As described in detail above, the storage medium 11 can be configured to store digital
audio signals 1 representing musical compositions, and to store representative segments
4 of musical compositions determined using computer-based system 10, in accordance
with the present disclosure.
[0102] A processor 12 controls the operation and various functions of system 10. As described
in detail above, the processor 12 can control the components of the computer-based
system 10 to determine at least one representative segment 4 of a musical composition,
in accordance with the present disclosure. The processor 12 can include any components,
circuitry, or logic operative to drive the functionality of the computer-based system
10. For example, the processor 12 can include one or more processors acting under
the control of an application. In some embodiments, the application can be stored
in a memory 13. The memory 13 can include cache memory, Flash memory, read only memory
(ROM), random access memory (RAM), or any other suitable type of memory. In some embodiments,
the memory 13 can be dedicated specifically to storing firmware for a processor 12.
For example, the memory 13 can store firmware for device applications (e.g. operating
system, scan preview functionality, user interface functions, and other processor
functions).
[0103] A bus 15 may provide a data transfer path for transferring data to, from, or between
a storage medium 11, a processor 12, a memory 13, a communications circuitry 14, and
some or all of the other components of the computer-based system 10. A communications
circuitry 14 enables the computer-based system 10 to communicate with other devices,
such as a server (e.g., server 21 of Fig. 10). For example, communications circuitry
14 can include Wi-Fi enabling circuitry that permits wireless communication according
to one of the 802.11 standards or a private network. Other wired or wireless protocol
standards, such as Bluetooth, can be used in addition or instead.
[0104] An input interface 16, audio output 17, and display 18 provides a user interface
for a user to interact with the computer-based system 10.
[0105] The input interface 16 may enable a user to provide input and feedback to the computer-based
system 10. The input interface 16 can take any of a variety of forms, such as one
or more of a button, keypad, keyboard, mouse, dial, click wheel, touch screen, or
accelerometer.
[0106] An audio output 17 provides an interface by which the computer-based system 10 can
provide music and other audio elements to a user. The audio output 17 can include
any type of speaker, such as computer speakers or headphones.
[0107] A display 18 can present visual media (e.g., graphics such as album cover, text,
and video) to the user.

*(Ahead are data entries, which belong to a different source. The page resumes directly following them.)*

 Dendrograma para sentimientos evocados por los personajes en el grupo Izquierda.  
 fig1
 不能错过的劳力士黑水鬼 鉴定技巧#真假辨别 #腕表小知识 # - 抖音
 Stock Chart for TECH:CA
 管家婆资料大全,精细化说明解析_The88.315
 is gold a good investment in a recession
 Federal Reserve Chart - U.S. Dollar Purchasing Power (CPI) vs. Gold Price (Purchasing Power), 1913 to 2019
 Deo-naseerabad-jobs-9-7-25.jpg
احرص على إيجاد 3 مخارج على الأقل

A display 18 can include, for example, a liquid crystal display
(LCD), a touchscreen display, or any other type of display.
[0108] Fig. 10 shows a schematic view of an illustrative client-server data system 20 configured
in accordance with the present disclosure. The data system 20 can include a server
21 and a client device 23. In some embodiments, the data system 20 includes multiple
servers 21, multiple client devices 23, or both multiple servers 21 and multiple client
devices 23. To prevent overcomplicating the drawing, only one server 21 and one client
device 23 are illustrated.
[0109] The server 21 may include any suitable types of servers that are configured to store
and provide data to a client device 23 (e.g., file server, database server, web server,
or media server). The server 21 can store media and other data (e.g., digital audio
signals of musical compositions, or metadata associated with musical compositions),
and the server 21 can receive data download requests from the client device 23. The
server 21 can communicate with the client device 23 over the communications link 22.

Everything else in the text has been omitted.